Where to look: the counter-example gives you the observable index (e.g. L1). Search your circuit source for every OBSERVABLE_INCLUDE with that index. Verify that the qubit it references is part of the logical operator's support and that errors on that qubit survive to the measurement record. (emlint check --format json outputs counter-examples as structured data, making it easy to script a targeted search when the circuit is auto-generated.)

---

probability_bounds fails

error(0.0) D0 D1 — zero probability
error(nan) D3 — NaN probability

An error mechanism has a probability of exactly 0 (a no-op), is negative, or is NaN — all of which indicate a fault in DEM generation, not a physical noise model.

What went wrong in the circuit / DEM generation script:

• Numerical underflow: a product of small probabilities rounded to 0 instead of being pruned or clamped.
• Naive addition of two complementary probabilities exceeded 1, producing a negative remainder.
• A copy-paste error in a manual DEM left a placeholder (nan, -1, 0) instead of a real probability.

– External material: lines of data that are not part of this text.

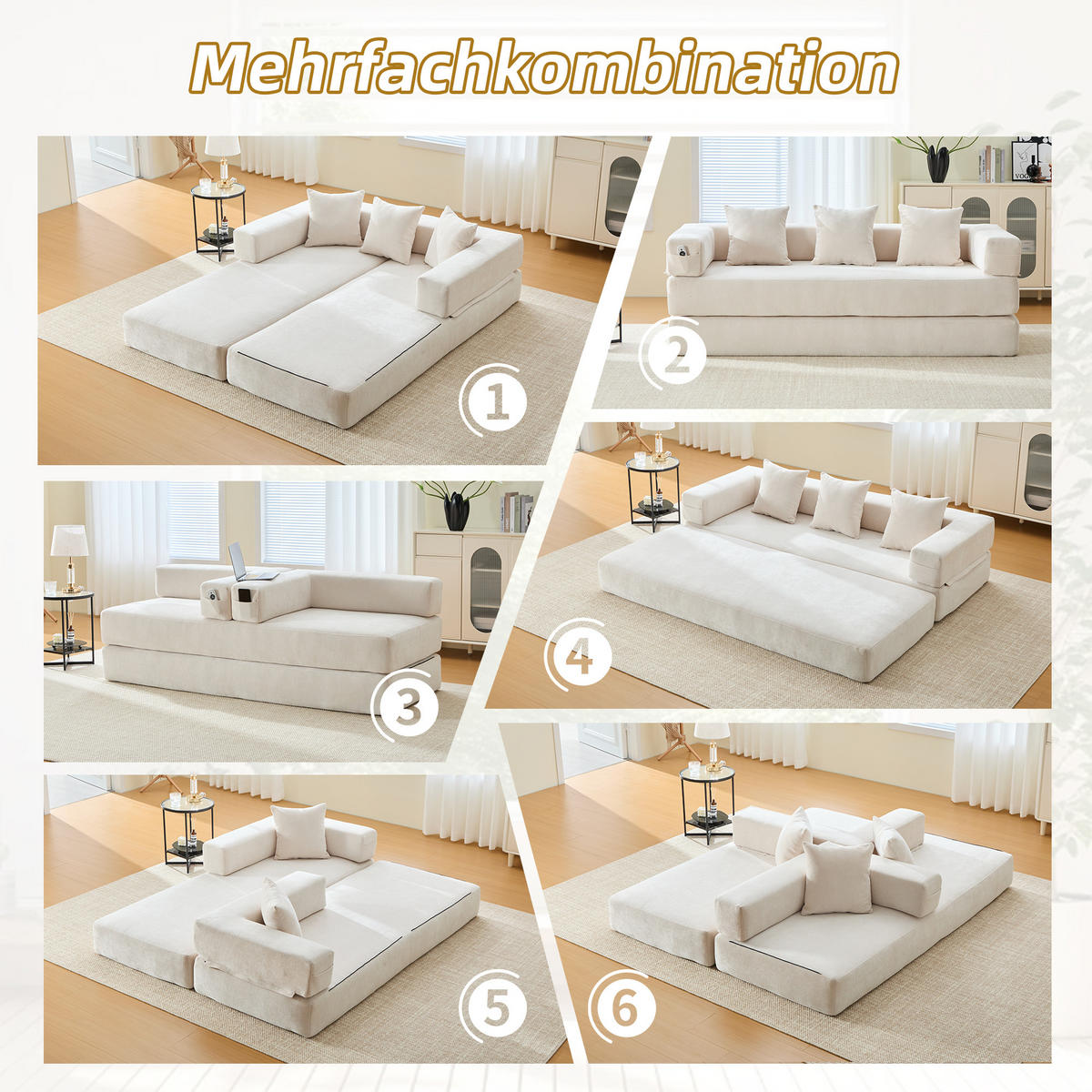 3-SITZER SOFA Chenille Beige mit Seitentaschen, Reißverschluss und rutschfester Unterseite - Beige, Holzwerkstoff/Textil (198/60/79cm) - WISHDOR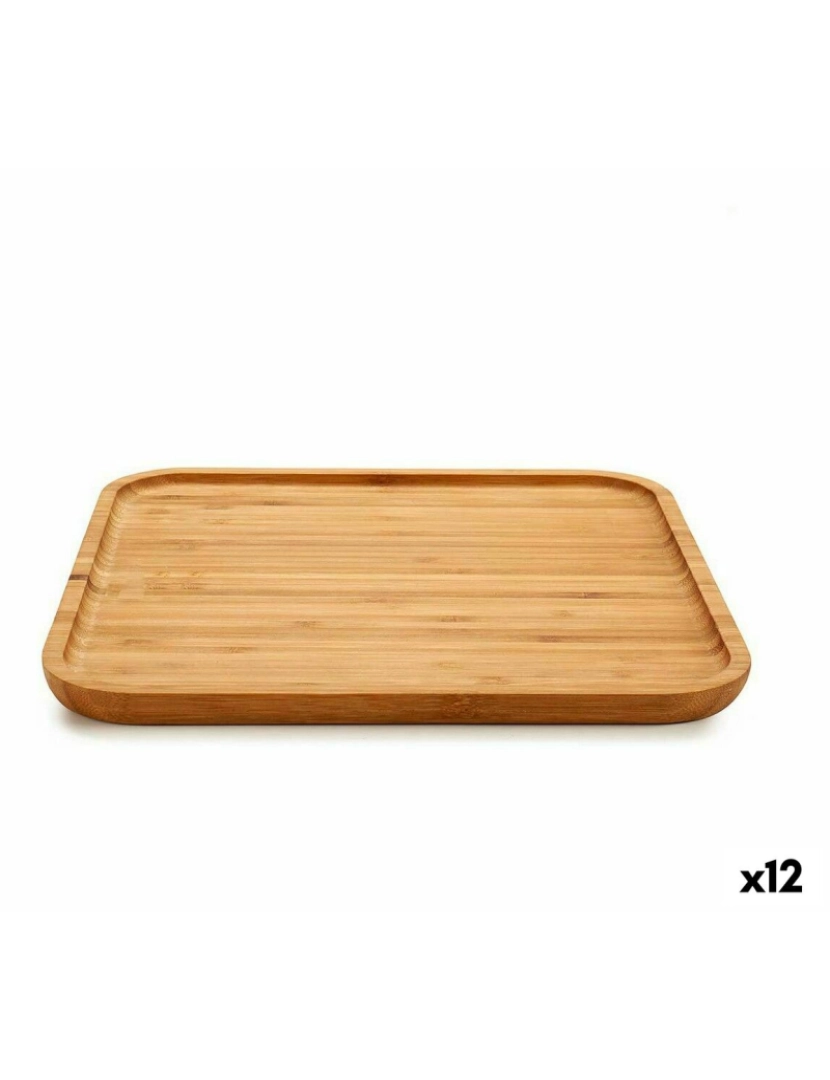 imagem de bandeja de aperitivos Quadrado Castanho Bambu 30 x 1,5 x 30 cm (12 Unidades)1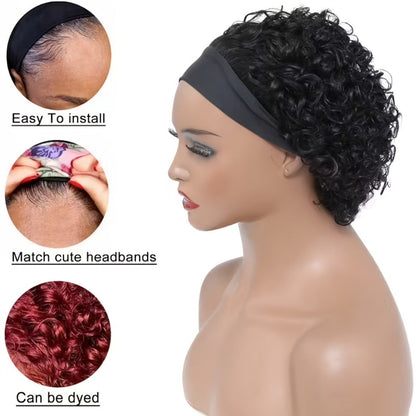 Six-Inch Kinky Curly Headband Wig with Glueless Band in Black, Burgundy or Rust Color Options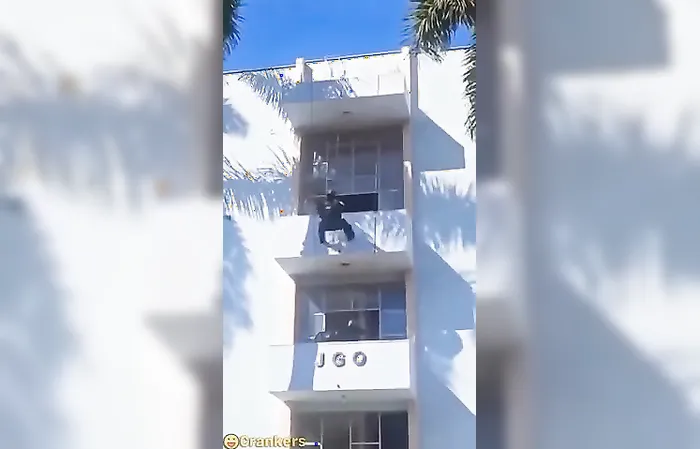 Cop is like spiderman taking out suspect holding someone hostage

Where to look: the mechanism's detector and observable targets identify which fault path the DEM compiler was trying to express. Trace that fault path back to the noise model parameters in your DEM generation script.

---

duplicates fails

error(0.001, 0.001) share signature D3 D7; XOR-fused probability is 0.001998

Two or more mechanisms share the same (detectors, observables) signature — the same physical fault path is counted more than once.

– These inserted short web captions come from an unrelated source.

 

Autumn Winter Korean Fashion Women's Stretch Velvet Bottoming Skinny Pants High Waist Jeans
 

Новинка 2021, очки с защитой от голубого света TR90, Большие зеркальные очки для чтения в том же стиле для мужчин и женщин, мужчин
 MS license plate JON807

What went wrong in the circuit / DEM assembly:

• Sub-circuit DEMs were concatenated (e.g. bulk + boundary + initialisation) without merging mechanisms that touch the same fault path. The correct operation is XOR-fusion: p_eff = p1(1−p2) + p2(1−p1).
• An X error and a Y error on the same data qubit at a repetition code boundary each trigger the same detector set and flip the same observable (legitimate physics; use --severity error in CI to suppress this warning for known-correct code families).

Where to look: if the duplicate arises from concatenation, find the boundary between the sub-circuits where the mechanism originates. If you are manually composing DEMs with Python, apply XOR-fusion instead of list concatenation.

---

correctability fails

syndrome {D3 D7} maps to observable sets {L0}, {L1}

The same detector syndrome is produced by mechanisms that flip different observables — the decoder cannot determine the correct logical correction.

What went wrong in the circuit:

• Two physically distinct errors (e.g. an X error on qubit A and a Z error on qubit B) produce the same syndrome but flip different logical observables. This is a genuine code distance problem: the code cannot distinguish them.
• The DEM was generated with decompose_errors=True, which breaks hyperedge mechanisms into sub-mechanisms that can create artificial syndrome collisions (use --severity error to suppress this known artefact in CI).
• A degenerate code family (colour codes) has syndromes that legitimately map to multiple valid logical corrections — this is an expected property, not a bug.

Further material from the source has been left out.